I developed a passion for creating a career in fitness and to help other people the way my friend Jenny helped me. I began teaching group physical fitness classes about 15 years ago.

Six years ago I started training my first clients, beginning with kick-box training, sessions with a punching bag, and no-contact sparring. I got my certification with the ISSA (International Sports Science Association) and added weights, nutrition, and dancing to my list of choices. The next year I started my Tuff Girl Fitness business.

Getting Tuff Together
We don’t have a specific curriculum at Tuff Girls, or formal programs that I try to fit clients into. I prefer to incorporate the things I learned, or am learning, with my clients, matching my skills and resources to their interests and desires.

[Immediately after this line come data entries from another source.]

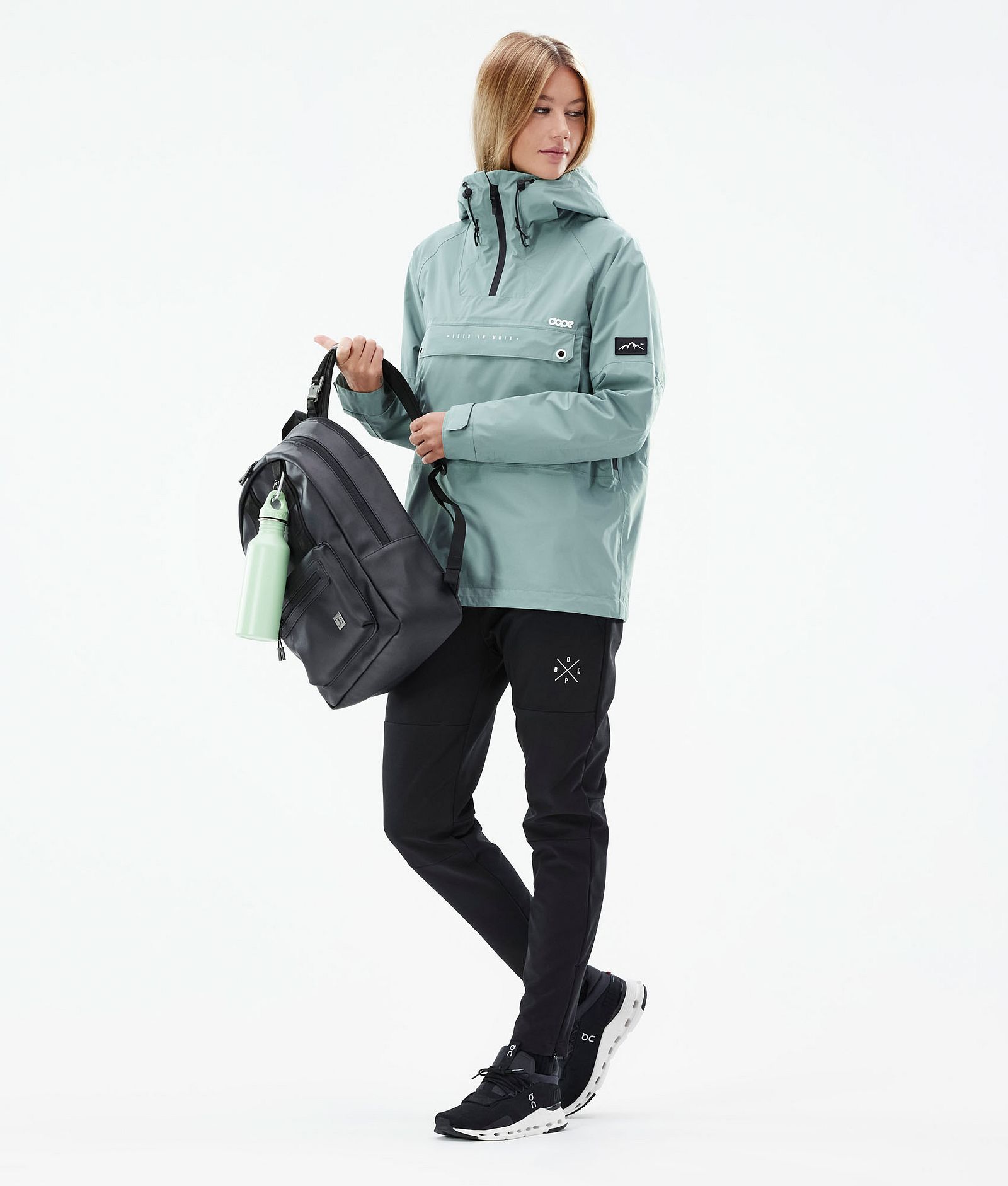 Hiker Light W Giacca Outdoor Donna Faded Green, Immagine 3 di 9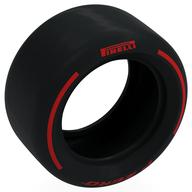 Visuel indicatif Rebrickable de Pneu 81.6 x 44 Slick avec motif imprimé rouge 'PIRELLI', 'P ZERO' (Tyre 81.6 x 44 Slick with Red 'PIRELLI', 'P ZERO' Print)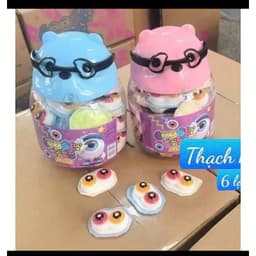 Sỉ Hộp 60 chiếc thạch gấu mắt đôi hương vị trái cây, Si-ro thơm ngon 3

A few younger children are learning with me. For them I offer a program which includes kick-boxing and other exercises, concentrating on improving posture, poise, flexibility, and self-esteem

My adult clients are fully capable of taking charge of their own goals and activities. I want to make exercise challenging, fun, and rewarding so I gear my program around the women’s own expectations, wishes, and (in some cases) dreams.

For example, I go hiking with some of them. With others, the form of exercise might range from walking and running to rollerblading and sparring. I might show still others how to do gymnastic stretches.

One of the reasons that I’ve gotten involved in so many different kinds of physical activities myself is so that whenever a client tells me what she would like to do, I can usually help facilitate the experience no matter what the request is. For example, if a client says she wants to learn to box, I can say. “Sure! I’ve done that. I can teach you to box!”

I always take delight in learning almost anything that involves physical activity so that if a woman ever manages to express interest in an area that is unfamiliar to me, I might invite her to learn it with me. If a client ever comes with an intense desire to learn belly dancing, for example, we’ll probably go shopping for beads together. I’m already studying hula. If a client wants to learn that, my grass skirt is already hanging in the closet.

Speaking of hula, last August my cousin, Tina, and I started teaching a class in Hula Kick-boxing. (No seriously!)

I treat my clients as my friends. We joke a lot, laugh a lot. There is a lot of humor in my training. They feel good when they leave; they can’t wait to come back.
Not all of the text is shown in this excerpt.